Garrison information
- Occupants: 1 Royal Irish Regiment

= Clive Barracks =

British Army installation in Shropshire, England

Clive Barracks is a British Army installation at Ternhill, Shropshire, England.

==History==
The barracks were established on the site of the former RAF Tern Hill airfield in 1976; they were initially named Borneo Barracks, before being renamed Clive Barracks after Major-General Lord Clive, who had been born in Shropshire. Some of the early units to use the site were the Queen's Lancashire Regiment, who moved there in 1980, and the Royal Welch Fusiliers, who moved there in 1984.

=== IRA bombing ===
On 20 February 1989, two IRA bombers activated two bombs within the accommodation barracks at Tern Hill. At that time the 2nd Battalion, Parachute Regiment (who had arrived in 1987) and the 1st Battalion, The Duke of Wellington's Regiment (who had arrived in 1989) were located at the station.

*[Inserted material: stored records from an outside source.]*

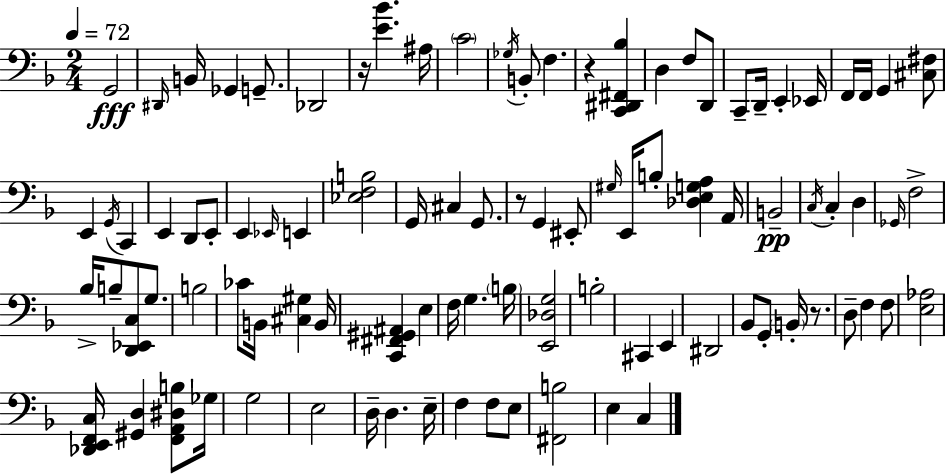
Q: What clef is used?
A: bass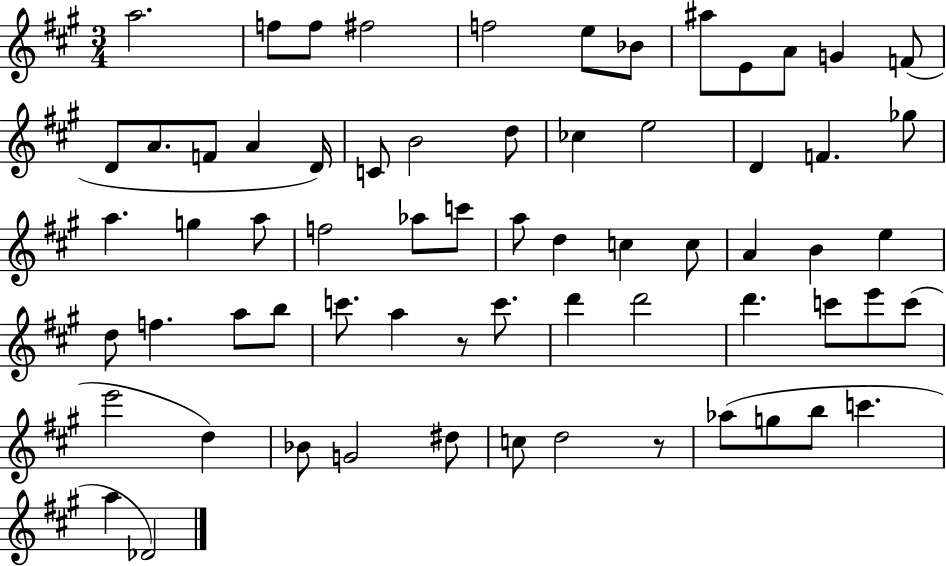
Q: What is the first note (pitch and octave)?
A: A5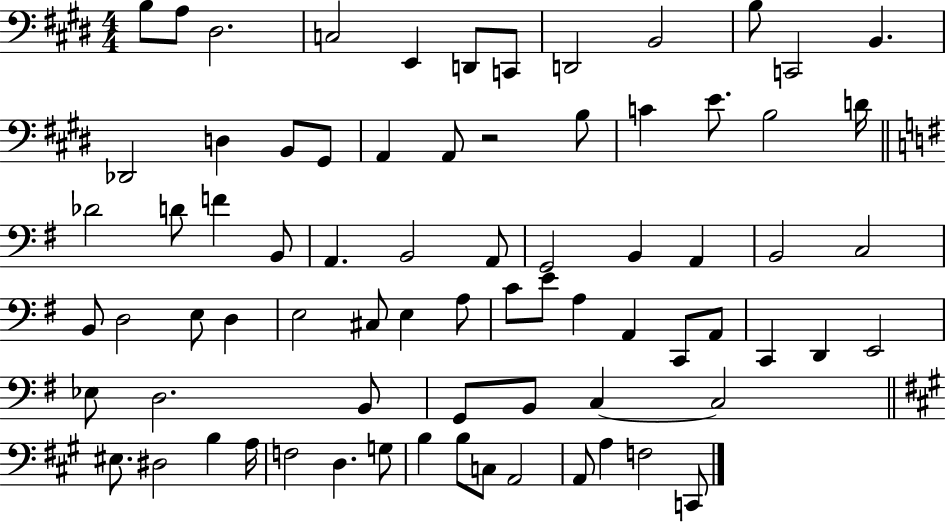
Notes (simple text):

B3/e A3/e D#3/h. C3/h E2/q D2/e C2/e D2/h B2/h B3/e C2/h B2/q. Db2/h D3/q B2/e G#2/e A2/q A2/e R/h B3/e C4/q E4/e. B3/h D4/s Db4/h D4/e F4/q B2/e A2/q. B2/h A2/e G2/h B2/q A2/q B2/h C3/h B2/e D3/h E3/e D3/q E3/h C#3/e E3/q A3/e C4/e E4/e A3/q A2/q C2/e A2/e C2/q D2/q E2/h Eb3/e D3/h. B2/e G2/e B2/e C3/q C3/h EIS3/e. D#3/h B3/q A3/s F3/h D3/q. G3/e B3/q B3/e C3/e A2/h A2/e A3/q F3/h C2/e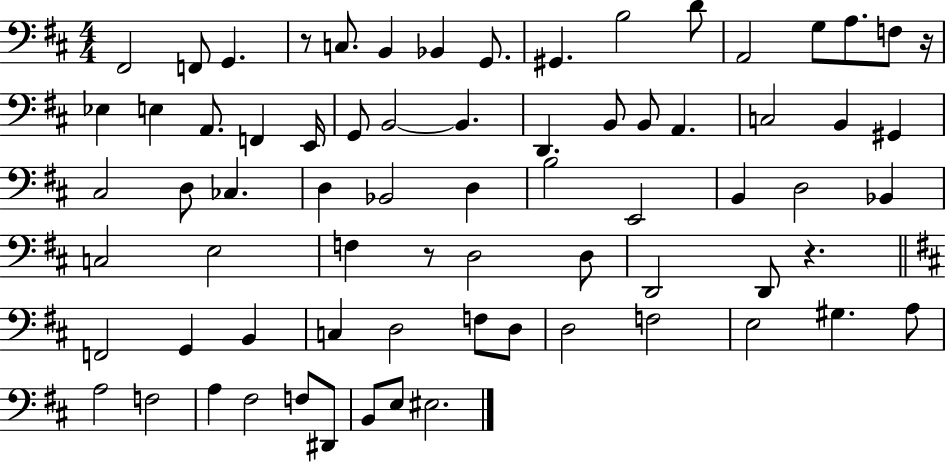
F#2/h F2/e G2/q. R/e C3/e. B2/q Bb2/q G2/e. G#2/q. B3/h D4/e A2/h G3/e A3/e. F3/e R/s Eb3/q E3/q A2/e. F2/q E2/s G2/e B2/h B2/q. D2/q. B2/e B2/e A2/q. C3/h B2/q G#2/q C#3/h D3/e CES3/q. D3/q Bb2/h D3/q B3/h E2/h B2/q D3/h Bb2/q C3/h E3/h F3/q R/e D3/h D3/e D2/h D2/e R/q. F2/h G2/q B2/q C3/q D3/h F3/e D3/e D3/h F3/h E3/h G#3/q. A3/e A3/h F3/h A3/q F#3/h F3/e D#2/e B2/e E3/e EIS3/h.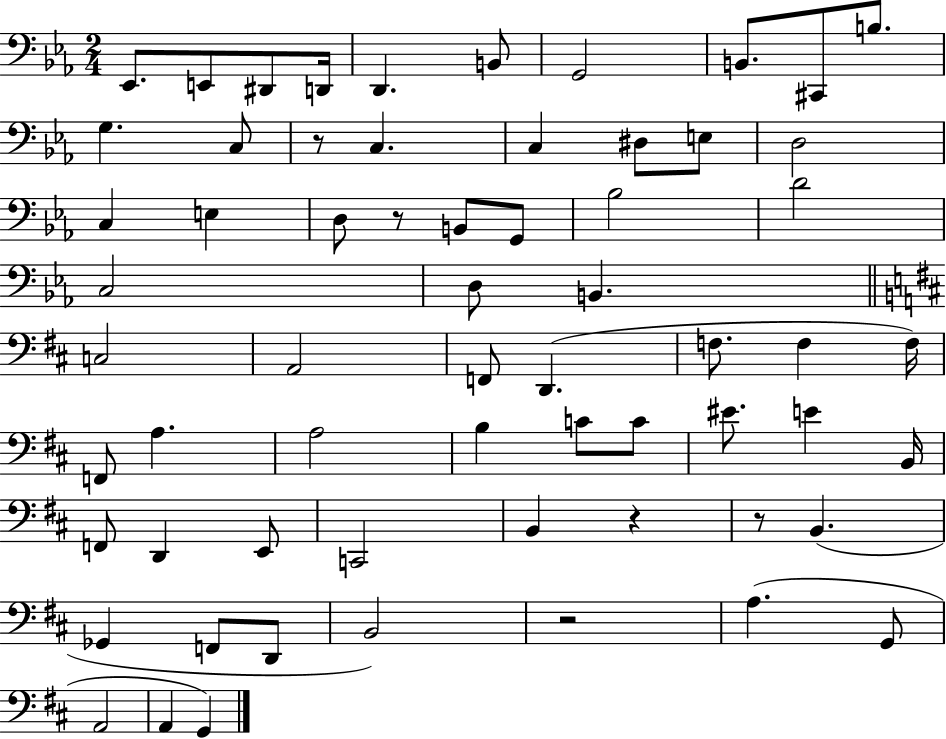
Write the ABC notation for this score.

X:1
T:Untitled
M:2/4
L:1/4
K:Eb
_E,,/2 E,,/2 ^D,,/2 D,,/4 D,, B,,/2 G,,2 B,,/2 ^C,,/2 B,/2 G, C,/2 z/2 C, C, ^D,/2 E,/2 D,2 C, E, D,/2 z/2 B,,/2 G,,/2 _B,2 D2 C,2 D,/2 B,, C,2 A,,2 F,,/2 D,, F,/2 F, F,/4 F,,/2 A, A,2 B, C/2 C/2 ^E/2 E B,,/4 F,,/2 D,, E,,/2 C,,2 B,, z z/2 B,, _G,, F,,/2 D,,/2 B,,2 z2 A, G,,/2 A,,2 A,, G,,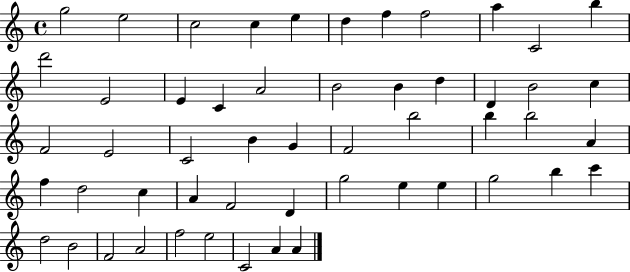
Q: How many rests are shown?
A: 0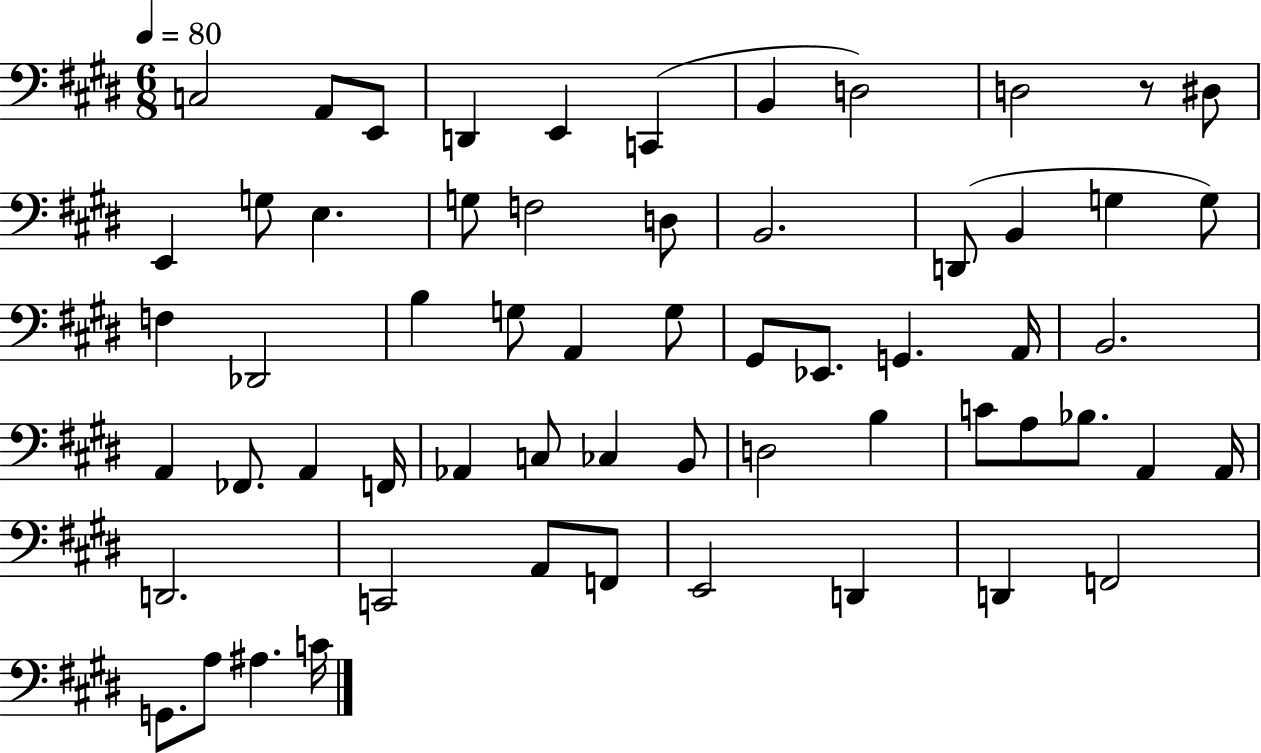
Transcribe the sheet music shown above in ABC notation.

X:1
T:Untitled
M:6/8
L:1/4
K:E
C,2 A,,/2 E,,/2 D,, E,, C,, B,, D,2 D,2 z/2 ^D,/2 E,, G,/2 E, G,/2 F,2 D,/2 B,,2 D,,/2 B,, G, G,/2 F, _D,,2 B, G,/2 A,, G,/2 ^G,,/2 _E,,/2 G,, A,,/4 B,,2 A,, _F,,/2 A,, F,,/4 _A,, C,/2 _C, B,,/2 D,2 B, C/2 A,/2 _B,/2 A,, A,,/4 D,,2 C,,2 A,,/2 F,,/2 E,,2 D,, D,, F,,2 G,,/2 A,/2 ^A, C/4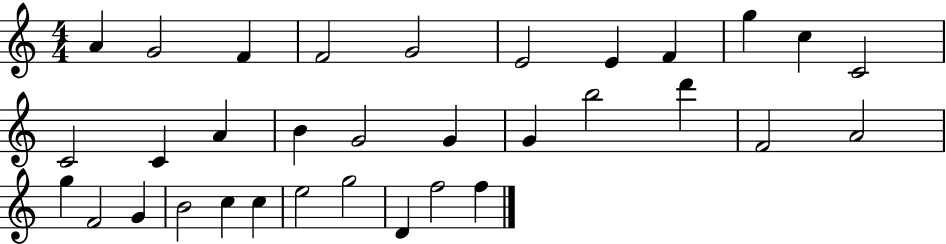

A sentry spotted two men behaving suspiciously and raised the alarm, the barracks were evacuated shortly before the bombs exploded therefore preventing certain loss of life. One of the accommodation blocks was destroyed in the blast (which was reported to have been heard 20 mi away in Shrewsbury). The bombers escaped by hijacking a car from a house down the road from the barracks.

== Current units ==
Since 2007, the barracks has been home to the 1st Battalion Royal Irish Regiment, which operates in the light infantry role primarily equipped with the Foxhound armoured vehicle. As of 1 November 2018, there were 628 troops assigned to the battalion.

== Future ==
In late March 2016, the Ministry of Defence announced that the site to be sold in order to reduce the size of the Defence estate. The airfield will be retained as a Relief Landing Ground (RLG) and practice area for No 1 Flying Training School based out of nearby RAF Shawbury. Later, in November 2016, it was announced that the site would close in 2022. This was later extended to 2030.